After rowing more than 8,000 miles and setting two world records, a team of British women have made history by crossing the Pacific in a pink boat called Doris.

Raising money for Breast Cancer Care and Walking with the Wounded, They have now become both the first all-female team and the first team of four to row the Pacific Ocean.

The team initially set off from San Francisco in April but had to abandon the journey and row back to America fter 16 days because of an electrical fault on the boat. They set off for a second time in May, this time from Santa Barbara and this time there was no going back. Eight months on, they arrived in Cairns, Australia today, Monday, January 25.

The false start means they have actually rowed over 9,000 miles.

The team includes Isabel Burnham, 31 a solicitor from Saffron Walden who rowed on the first leg of 3,000 miles.

Isabel, who grew up in Arkesden went to school in Saffron Walden and rowed for Cambridge University when she was a student, told The Reporter in July: “We have a number of ways to keep ourselves distracted and awake while rowing. We tell each other stories, play games and the recount the plots of entire films memorise poems and sing.” They stargazed and saw shapes in the clouds. She said the day a whale approached the boat was “a hairy moment”.

They called themselves the Coxless Crew, because unlike the Oxford and Cambridge Boat Race, the rowers had no cox to lead them. Three women: Laura Penhaul, Natalia Cohen and Emma Mitchell rowed the whole way with three others rowing on one leg each to make up the four.
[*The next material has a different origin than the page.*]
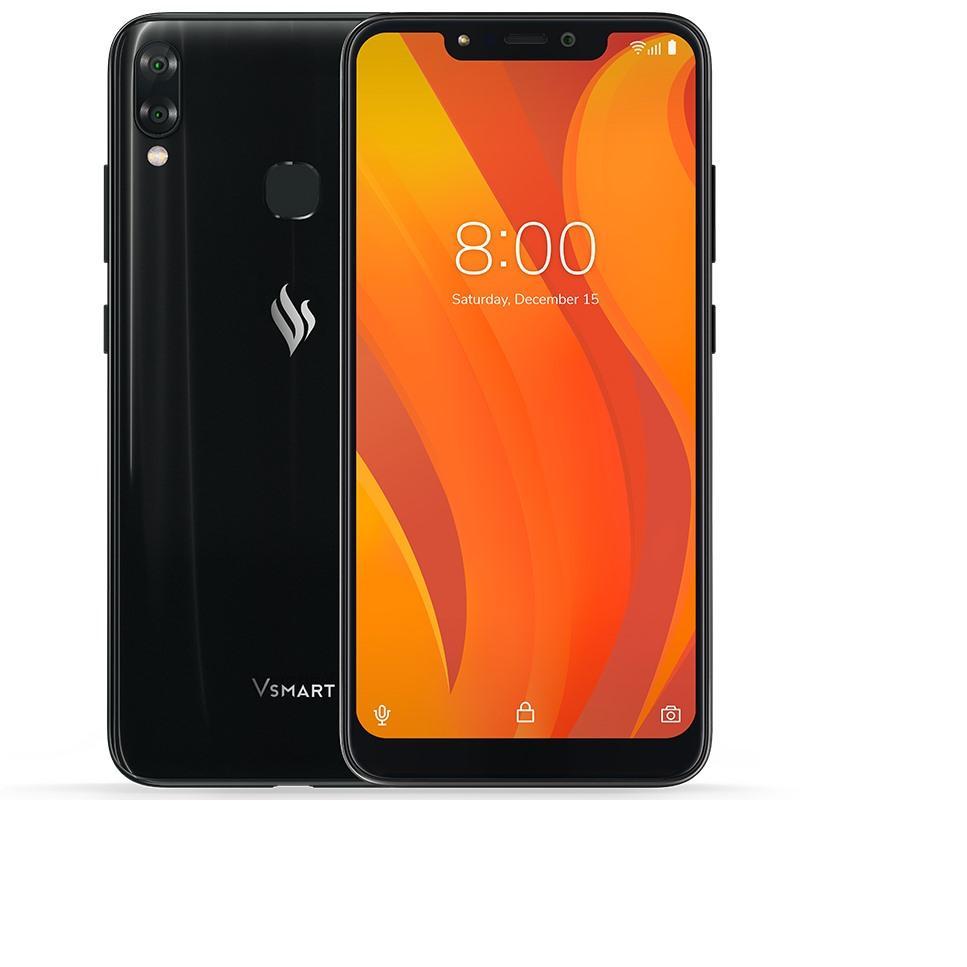 Ốp lưng dẻo trong suốt cao cấp cho điện thoại Vsmart Joy 1+ Plus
Isabel took the first leg with Lizanne Vuuren, 26. an osteopath, rowing the second leg and Meg Dyos, a sales negotiator for Foxton’s Estate Agents, on the final stretch.

They have rowed continuously as pairs in two-hour shifts, sleeping 90 minutes at a time.

To keep up their strength, each of them ate 5,000 calories a day, eating freeze-dried meals plus protein bars, chocolate, fruit and nuts, and drank desalinated sea water. On Christmas day they had a cake. They faced waves the height of a house, storms and burning sun. For a few days they were visited by an albatross who they named Albert.

Isabel described the flying fish that filled the boat saying each morning as the sun rose, they had to pick them off the boat and throw them back into the water.